**What you are asked to do:** Transcribe the following entries word for word; no picture is to appear in the copy.

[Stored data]
::::::::::

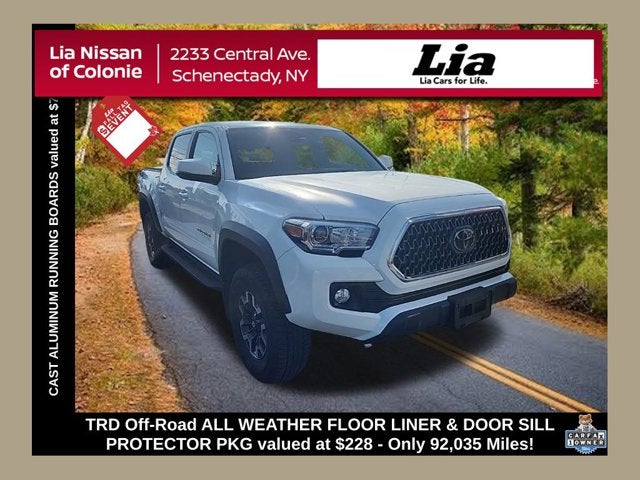 2018 Toyota Tacoma TRD Off Road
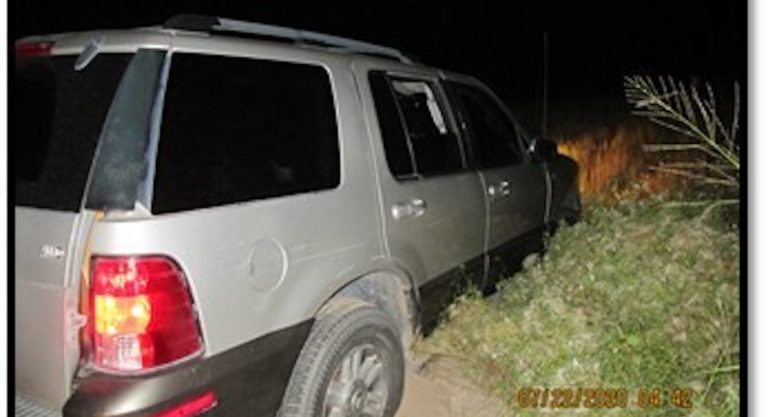 K-9 Team helps Agents Foil Human Smuggling Attempt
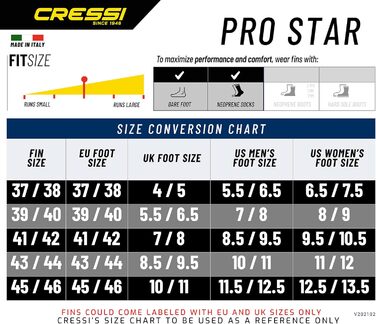 Плавальні ласти Cressi Prostar для чоловіків і жінок, преміум-якість, виробництво Італія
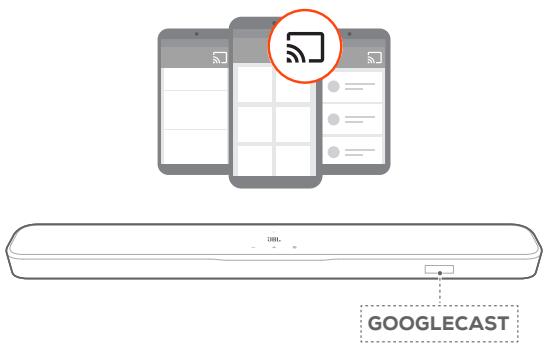 JBL BAR300MK2 - Lire avec Google Cast - 2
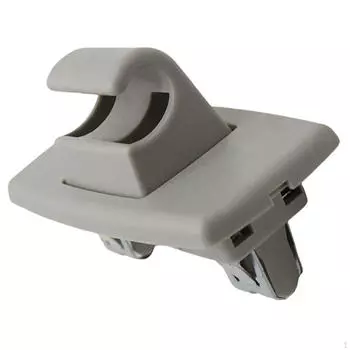 Кронштейн с крючком для зажима солнцезащитного козырька A1668100012 Запасные части Прочная простая установка 1668100012 Серый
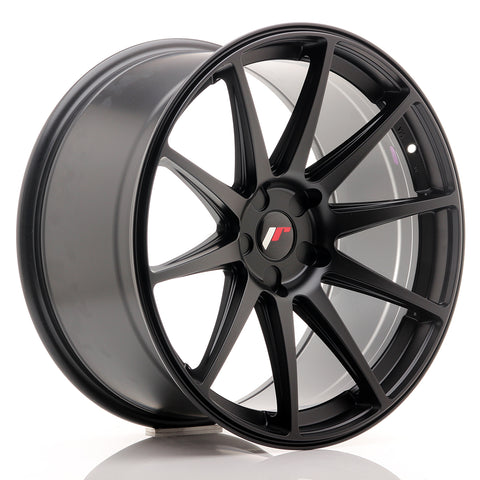 JR Wheels JR11 20x10 ET40 5H BLANK Matt Black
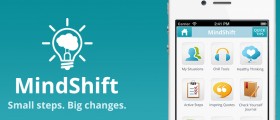 MindShift App, using cognitive behavioral therapy to help teens and young adults cope with anxiety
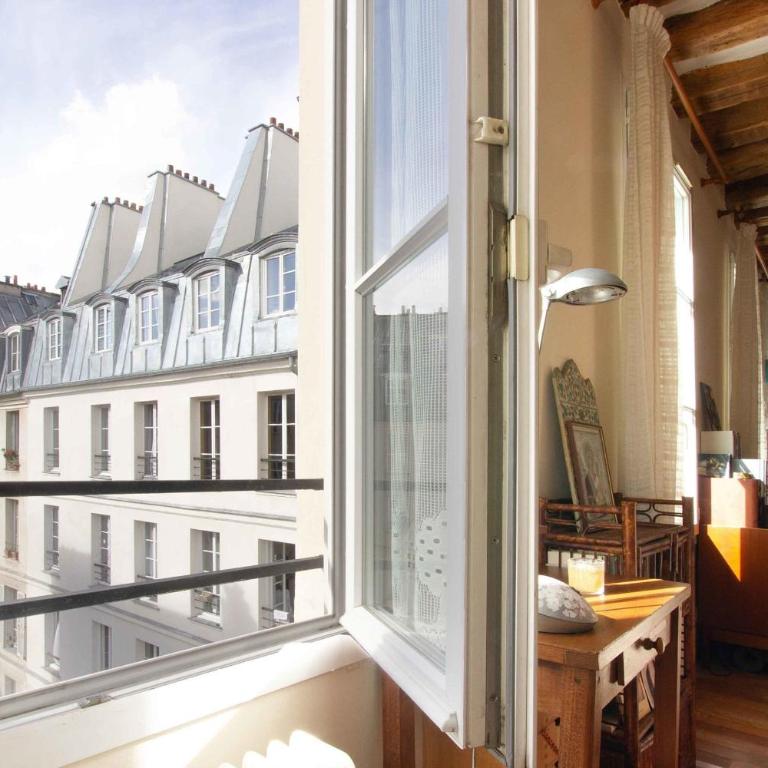 Charming apartment in the Marais for 2 people - Appartement - 5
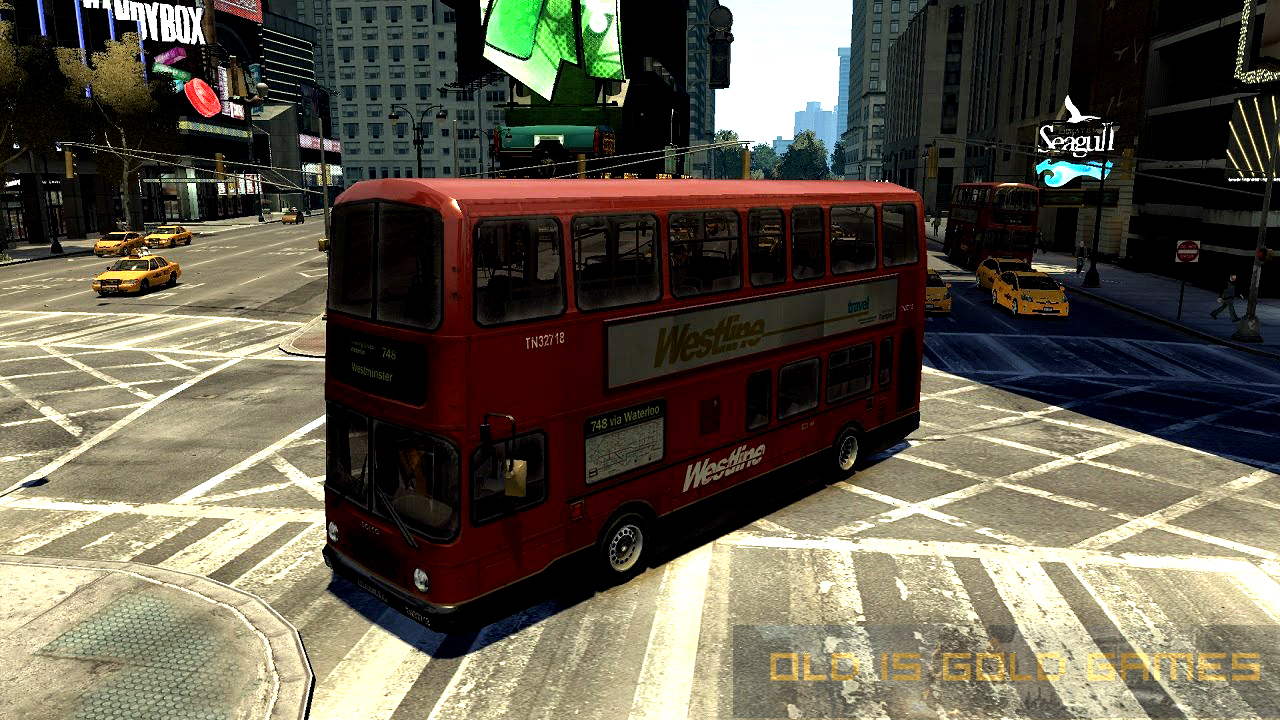 GTA London Features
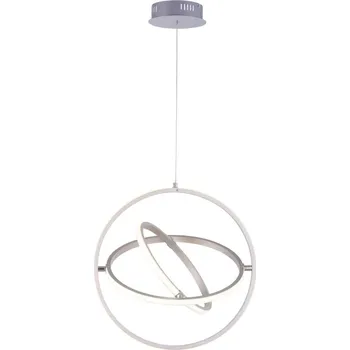 Just Light Jella chytrá závěsná lampa 3x15 W ocel 11260-55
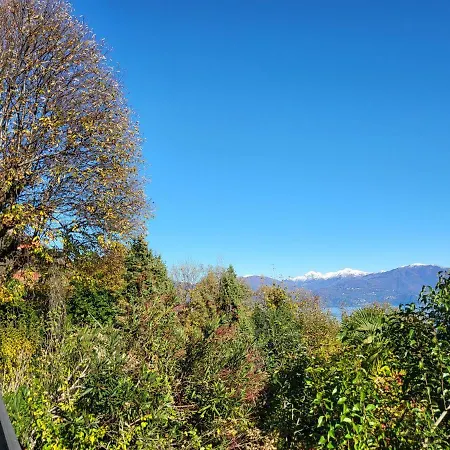 Mid Of Nature ' Bella Vista Maggiore Mit Traumhaften Seeblick Ghiffa
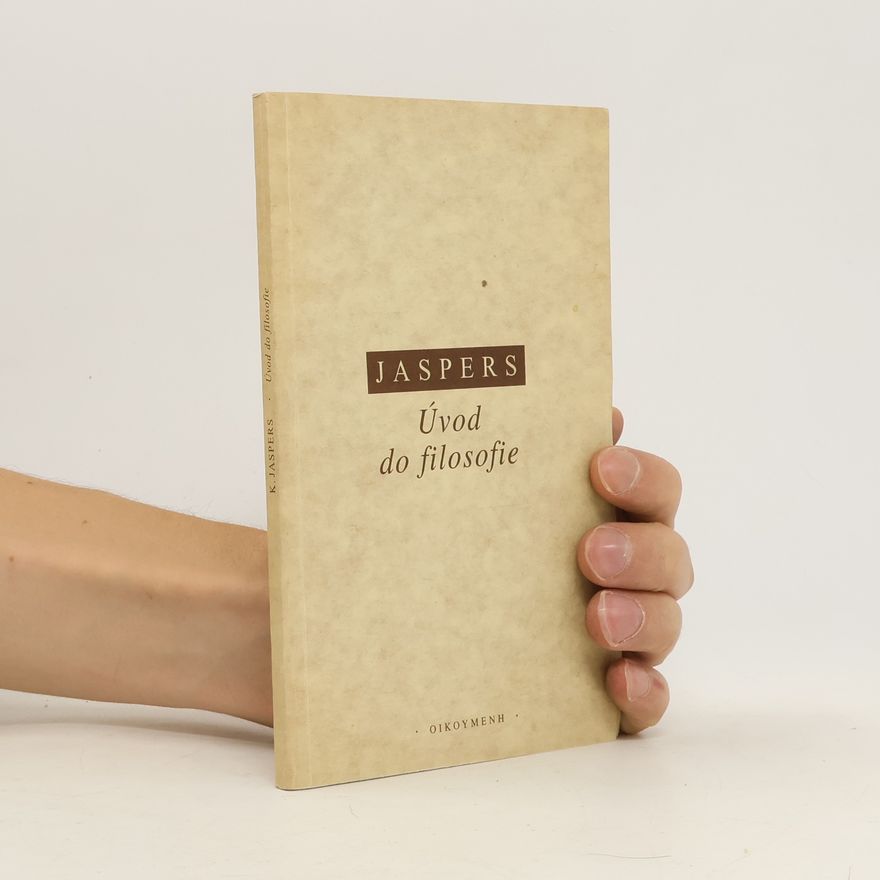 Karl Jaspers Úvod do filosofie
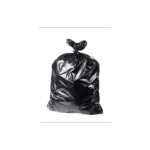 30"x38" Black Garbage Bag (Strong)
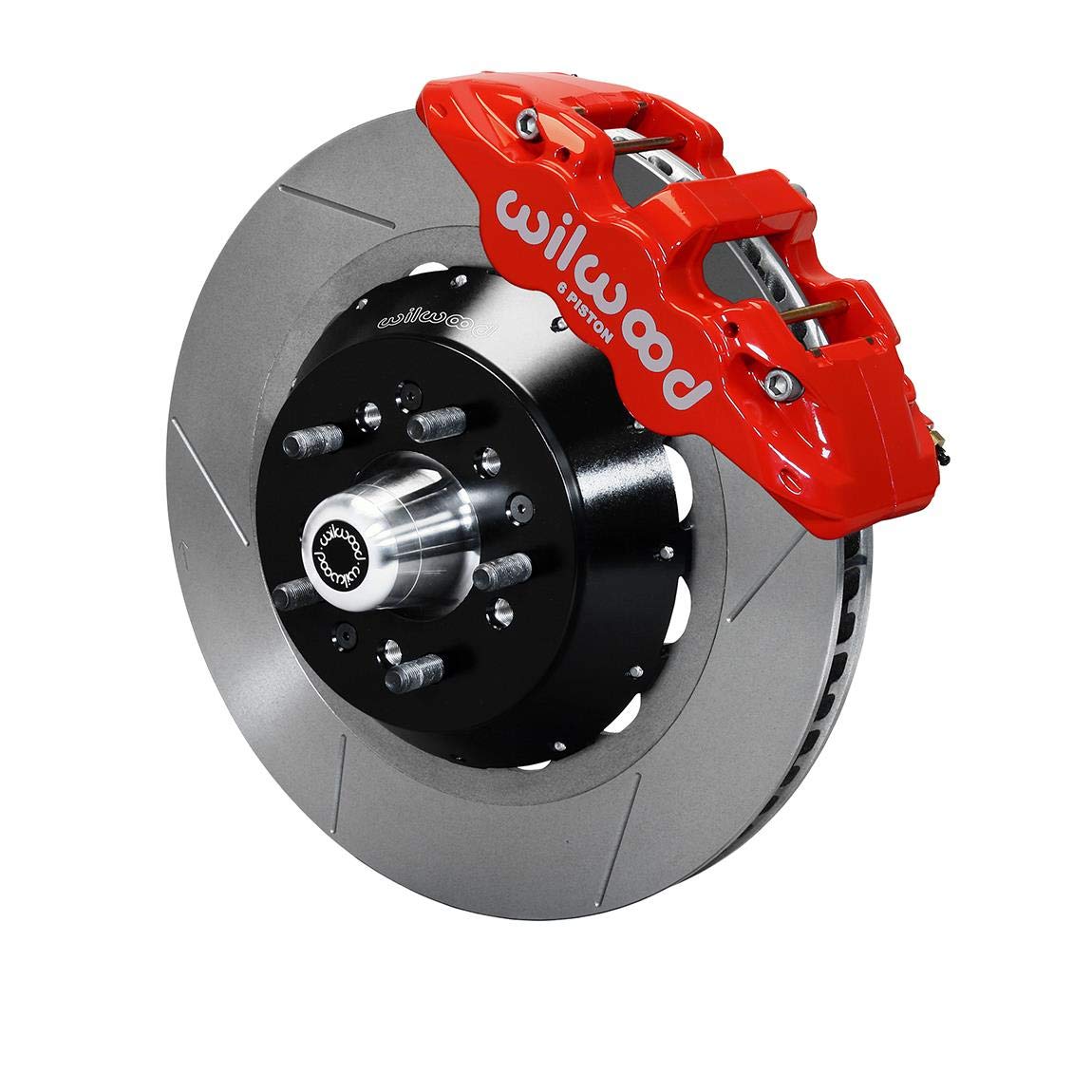15.00-Red AERO6 Front Hub Kit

::::::::::

**Reply:**
 2018 Toyota Tacoma TRD Off Road
 K-9 Team helps Agents Foil Human Smuggling Attempt
 Плавальні ласти Cressi Prostar для чоловіків і жінок, преміум-якість, виробництво Італія
 JBL BAR300MK2 - Lire avec Google Cast - 2
 Кронштейн с крючком для зажима солнцезащитного козырька A1668100012 Запасные части Прочная простая установка 1668100012 Серый
 JR Wheels JR11 20x10 ET40 5H BLANK Matt Black
 MindShift App, using cognitive behavioral therapy to help teens and young adults cope with anxiety
 Charming apartment in the Marais for 2 people - Appartement - 5
 GTA London Features
 Just Light Jella chytrá závěsná lampa 3x15 W ocel 11260-55
 Mid Of Nature ' Bella Vista Maggiore Mit Traumhaften Seeblick Ghiffa
 Karl Jaspers Úvod do filosofie
 30"x38" Black Garbage Bag (Strong)
15.00-Red AERO6 Front Hub Kit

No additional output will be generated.